Engineering Sensory Ganglion Multicellular System to Model Tissue Nerve Ingrowth

Abstract

Discogenic pain is associated with deep nerve ingrowth in annulus fibrosus tissue (AF) of intervertebral disc (IVD). To model AF nerve ingrowth, primary bovine dorsal root ganglion (DRG) micro-scale tissue units are spatially organised around an AF explant by mild hydrodynamic forces within a collagen matrix. This results in a densely packed multicellular system mimicking the native DRG tissue morphology and a controlled AF-neuron distance. Such a multicellular organisation is essential to evolve populational-level cellular functions and in vivo-like morphologies. Pro-inflammatory cytokine-primed AF demonstrates its neurotrophic and neurotropic effects on nociceptor axons. Both effects are dependent on the AF-neuron distance underpinning the role of recapitulating inter-tissue/organ anatomical proximity when investigating their crosstalk. This is the first in vitro model studying AF nerve ingrowth by engineering mature and large animal tissues in a morphologically and physiologically relevant environment. The new approach can be used to biofabricate multi-tissue/organ models for untangling pathophysiological conditions and develop novel therapies.

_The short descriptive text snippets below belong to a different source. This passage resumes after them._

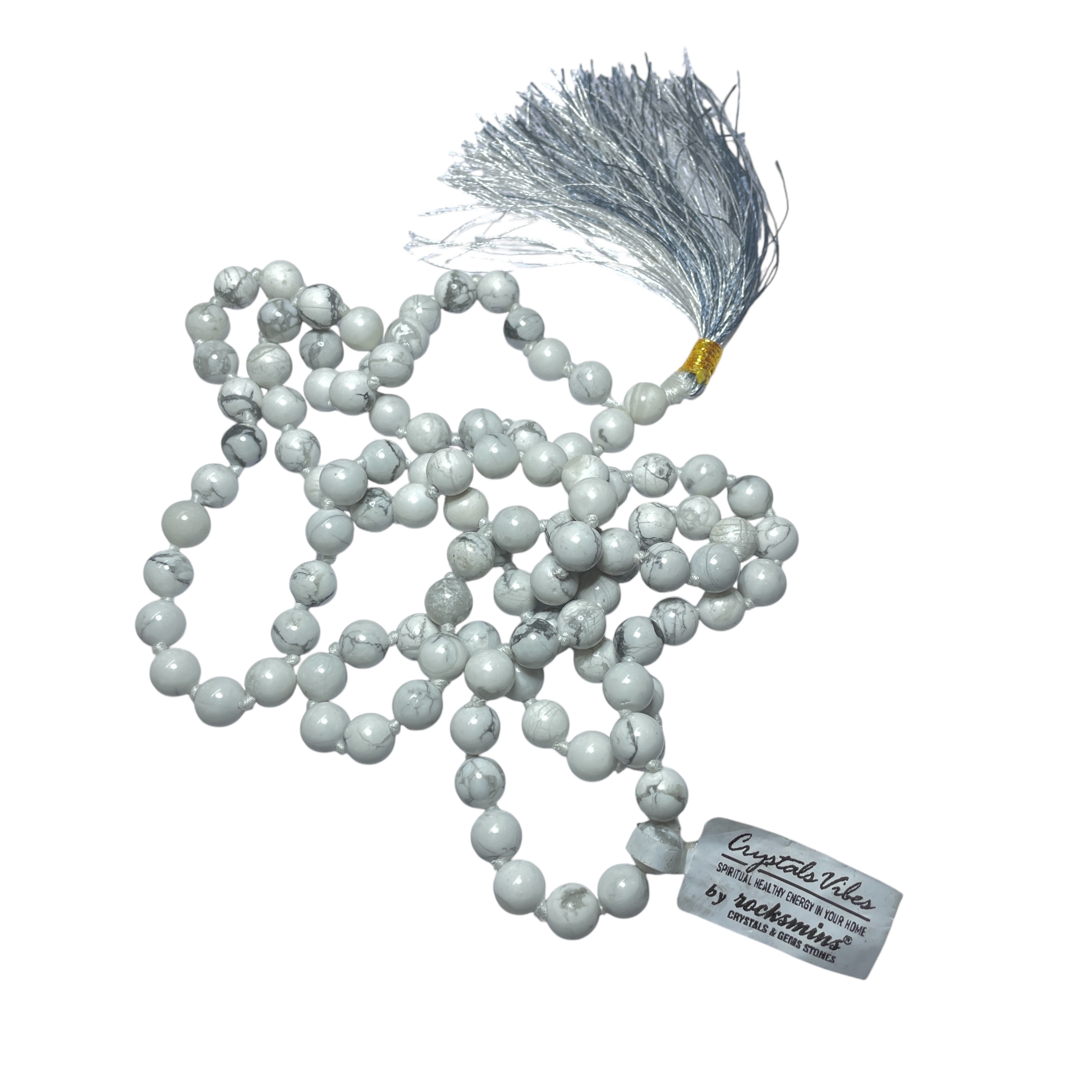 Rocksmins Howlite Crystal Jaap Mala - 108+1 Beads 8 mm Beads for Pooja, Astrology for Wearing in Neck/Holding for Men Women Boys Girls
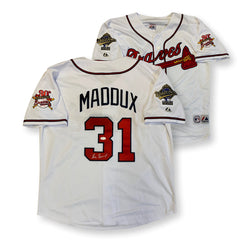 Greg Maddux Atlanta Braves Autographed 1995 Mitchell & Ness Authentic Jersey  with 1995 WS Champs Inscription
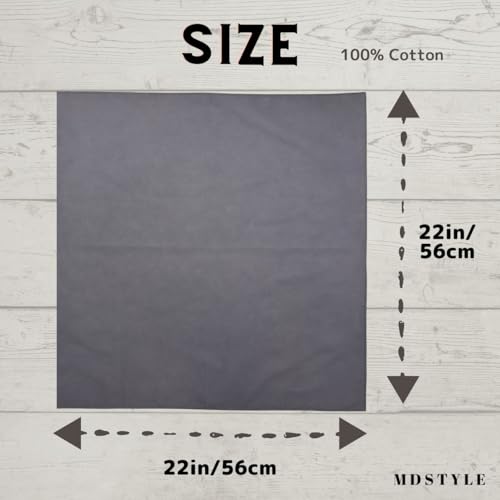 Image of MDSTYLE 100% Cotton Solid Color Bandana for Men & Women 22 inch x 22 inch Handkerchief Headband Scarf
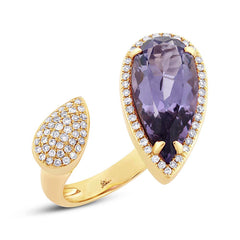 0.34ct Diamond & 4.68ct Amethyst 14k Yellow Gold Ring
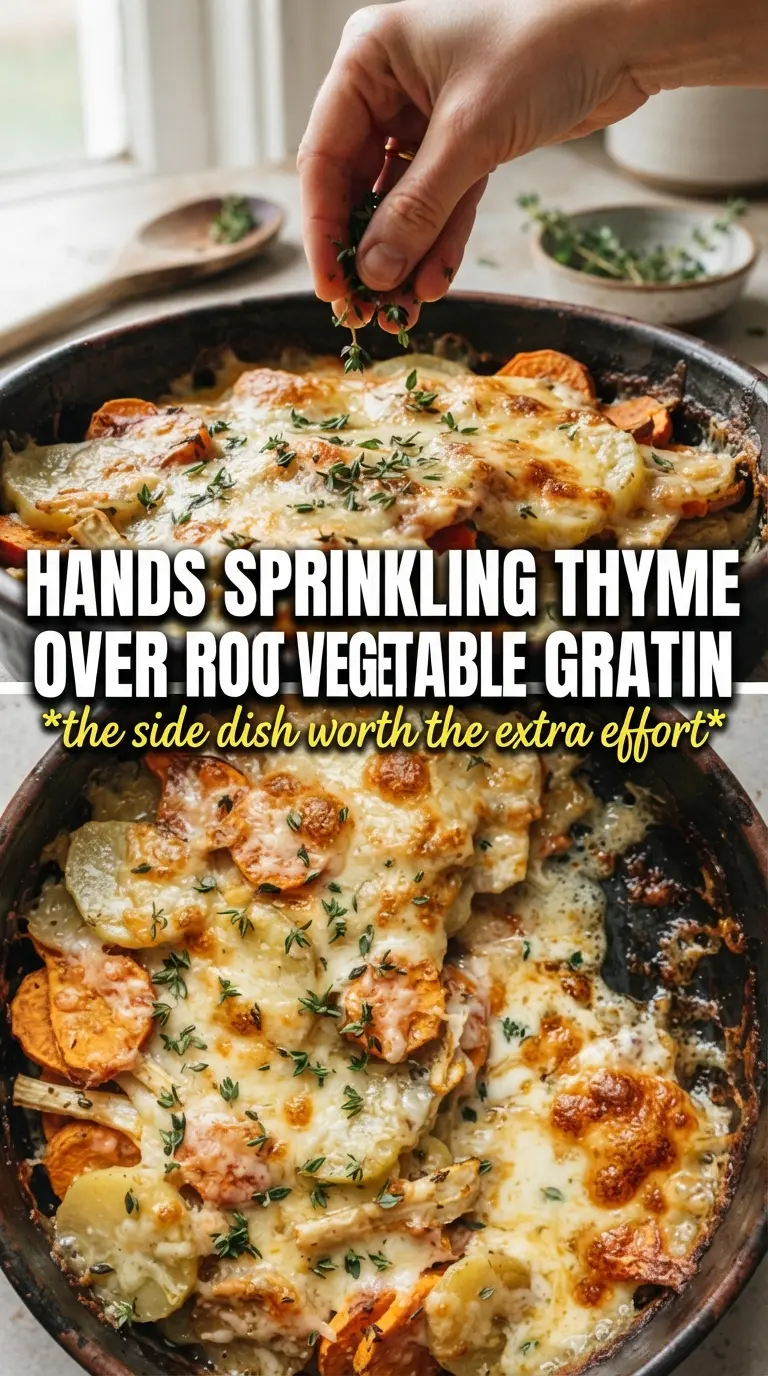 Cheesy Root Vegetable Gratin with golden bubbling layers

Keywords: acoustic assembly; advanced in vitro models; alternatives to animal testing; multicellular system; sensory nerve ingrowth.

Figure 1

Schematic representation of the experimental approach used to engineer the sensory ganglion multicellular system. Bovine DRG i) is disintegrated into micro‐scale tissue units ii) and assembled iii) in ring‐shaped multicellular systems surrounding the annulus fibrosus (AF) explant iv).

Figure 2

Establishment of the in vitro model to study the AF nerve ingrowth. a) Experimental timeline. b) Phase contrast image of enzymatically dissociated bovine DRG micro‐scale tissue units (trypan blue staining). c) The mild enzymatic procedure preserves the envelope structure of native DRG tissue where neurons stained by tubulin beta 3 class III (TUBB3) are attached by satellite glial cells stained by glial fibrillary acidic protein (GFAP). d,e) Hydrodynamic forces assemble DRG micro‐scale tissue units from a random spatial distribution (i) to a well‐defined geometry (ii and iii). f) This assembly process leads to defined neurons‐AF distances. g,h) The assembly procedure is mild. Viability of the assembled multicellular structure remains above 90% after 2 days of culture. Viability data is presented as mean ± standard error in the bar plot. n = 3 replicates per group.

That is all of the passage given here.